Dimitrov deu duas versões antagônicas do governo de Frente Popular, uma revolucionária e outra meramente “democrática”. E, das duas, a que ficava a valer na prática era a segunda. Porque, ao tomar a coligação com os partidos democrático-burgueses como a base do governo, os comunistas transformavam automaticamente em declarações inócuas de intenções todas as “exigências” sobre milícias operárias e controle da produção. Uma via excluía a outra. Ou se apontava a luta antifascista operária e popular para a conquista de um governo revolucionário, capaz de levar de vencida as resistências, vacilações e traições da democracia burguesa, governo que seria, esse sim, o primeiro passo na conquista integral do poder pelo proletariado.

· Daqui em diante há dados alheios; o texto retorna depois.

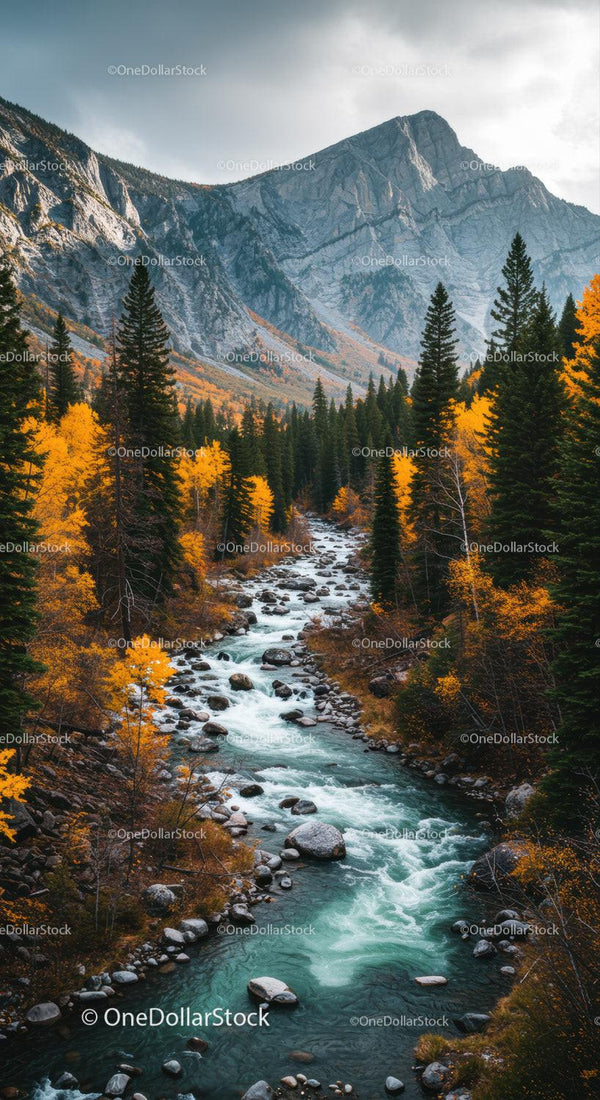 Mountain river flowing through vibrant autumn forest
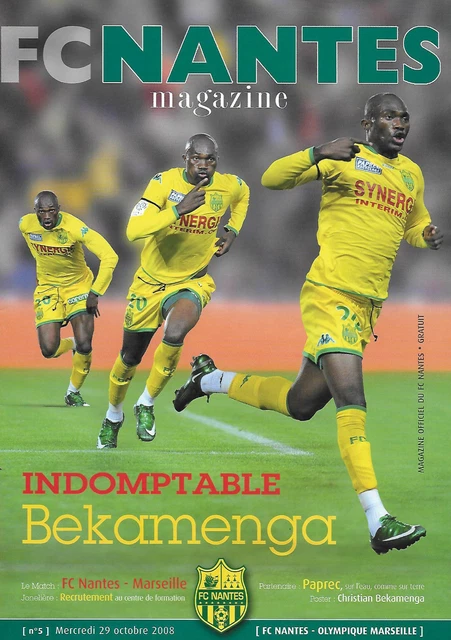 Magazine FC Nantes – Jaune De Cœur N°2, Saison 2003-2004, Poster Yepes & F. Da Rocha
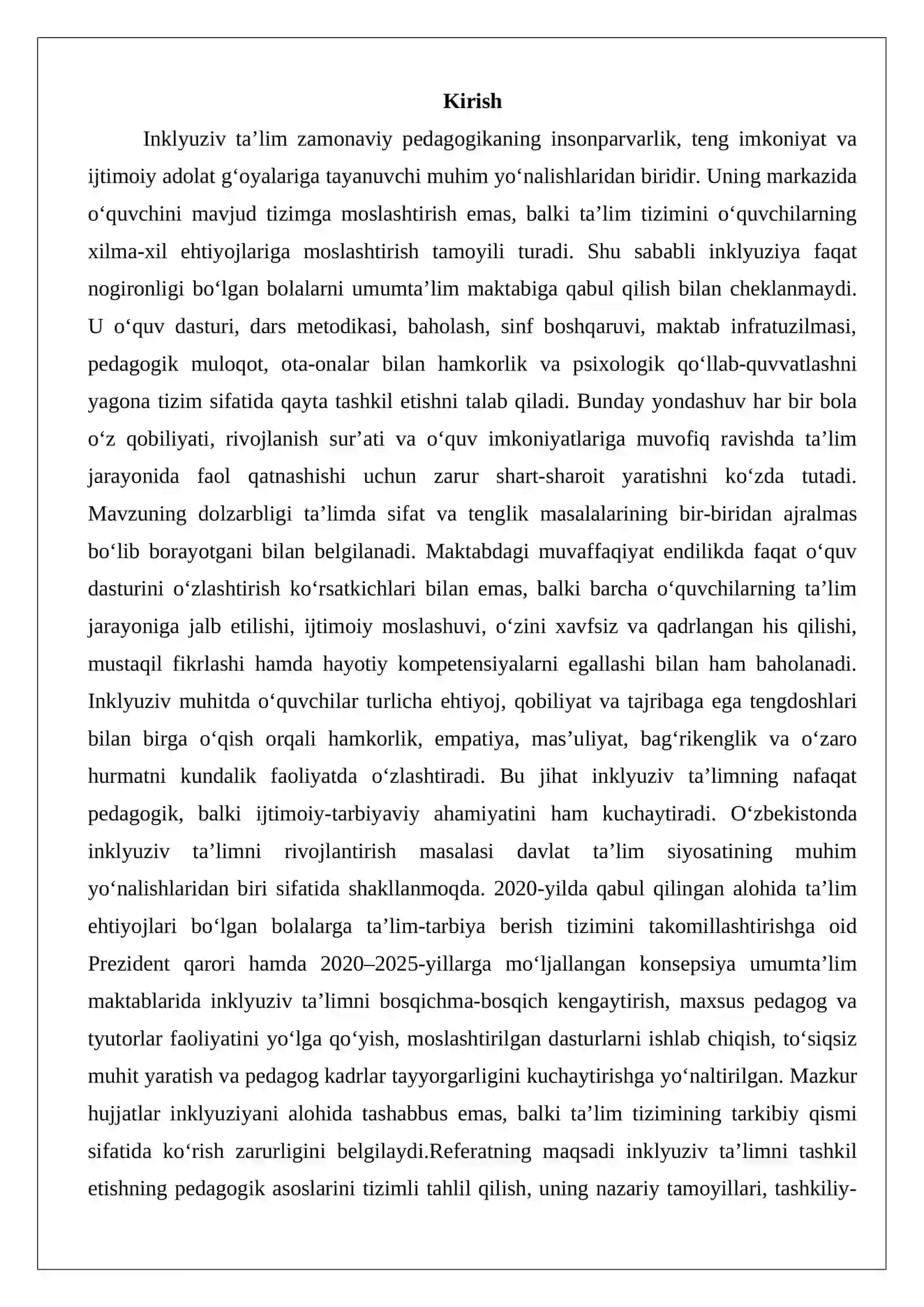 Inklyuziv ta’limni tashkil etishning pedagogik asoslari 2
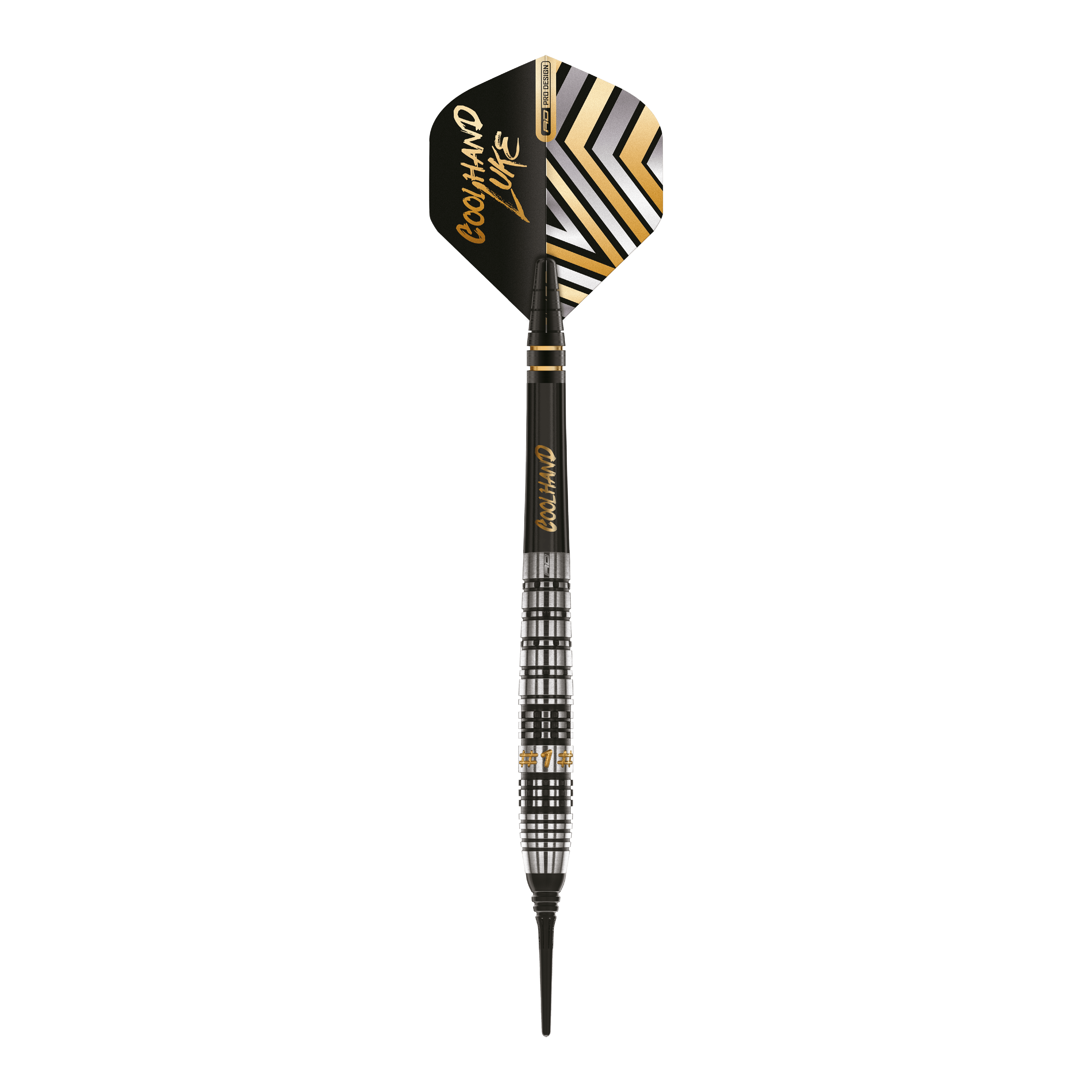Das Bild zeigt einen Red Dragon Luke Humphries Prestige Softdart mit einem Gewicht von 20g. Der Dart hat ein modernes schwarzes und silbernes Design mit goldenen Akzenten und der Aufschrift "COOL HAND LUKE" auf dem Flight.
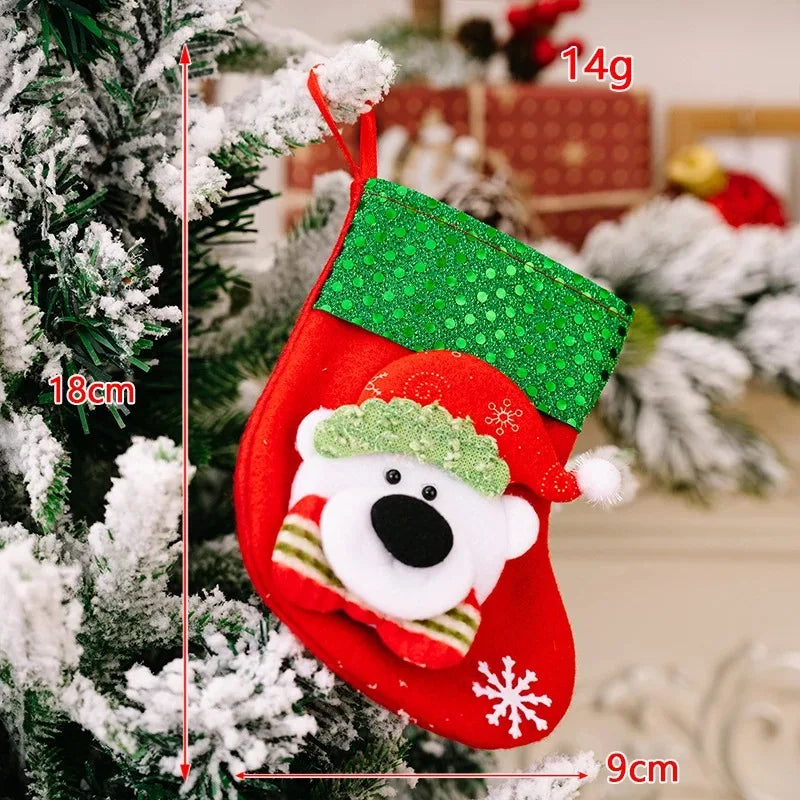 2pcs 2023 New Christmas Decoration Socks Cartoon Santa Claus Fawn Snowmen Socks Christmas Tree Hanging Ornaments Home Decoration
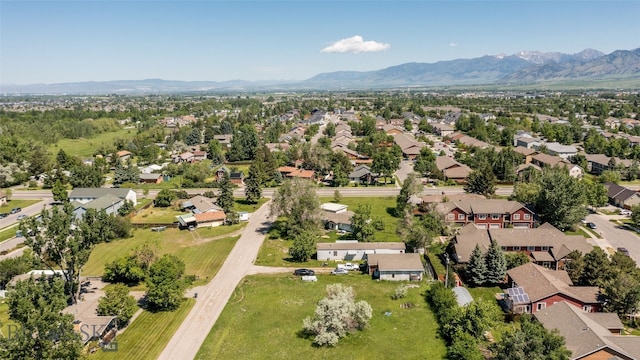 bird's eye view with a mountain view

Ou se colocava a luta antifascista no quadro de um governo de coligação com a democracia burguesa e, para atingir esse objetivo, teria que se ir renunciando inevitavelmente, passo a passo, a todas as pretensões revolucionárias.

Dizer que o governo de Frente Única estaria garantido contra uma possível degenerescência pelo fato de se apoiar num movimento combativo de massas contra a reação e o fascismo(9) era apenas uma forma de iludir a questão. Os movimentos antifascistas de massas, por muito combativos que fossem, teriam (e tiveram) as pernas cortadas se girassem na órbita de um governo de colaboração proletariado-pequena burguesia, formado para combater só a reação fascista e não o capitalismo.

A pergunta que se coloca é, portanto, a seguinte: o governo de frente única era um governo popular revolucionário ou um governo democrático-burguês? Tinha como função ser a “véspera da revolução soviética” ou promover a restauração da democracia burguesa com a cooperação do proletariado?

E aqui pomos o dedo na ferida das contradições dimitrovianas. O que Dimitrov tentou, com a palavra de ordem de governo de frente única, foi ganhar a social-democracia e as forças democrático-burguesas em geral para a colaboração com os comunistas contra o fascismo, mas sem romper declaradamente com a anterior linha revolucionária da IC. As duas faces contraditórias do seu governo resultam da mistura de dois discursos: “colaboração dos partidos antifascistas sem derrubar a burguesia”, quando falava para a democracia burguesa; “operários armados e controle da produção”, quando se dirigia aos operários. Para uns, plataforma antifascista; para os outros, “véspera da revolução soviética”.

Deste modo, a garantia de Dimitrov de que o governo de frente única seria “fundamentalmente diferente”, “diferente em princípio” de qualquer governo social-democrata(10) (garantia que E. Hoxha repete como um eco sem lhe juntar um único argumento(11) surge-nos na sua verdadeira dimensão. O governo de frente única seria efetivamente diferente dos habituais governos social-democratas porque podia contar agora com o apoio e participação dos comunistas. A diferença consistia em que seria um governo “progressista”, mas também de colaboração de classe, também no quadro do capitalismo. Seria um governo burguês “de novo tipo”, a tapar o caminho à revolução proletária, no preciso momento em que as convulsões do fascismo podiam pôr em risco a própria sobrevivência da sociedade burguesa.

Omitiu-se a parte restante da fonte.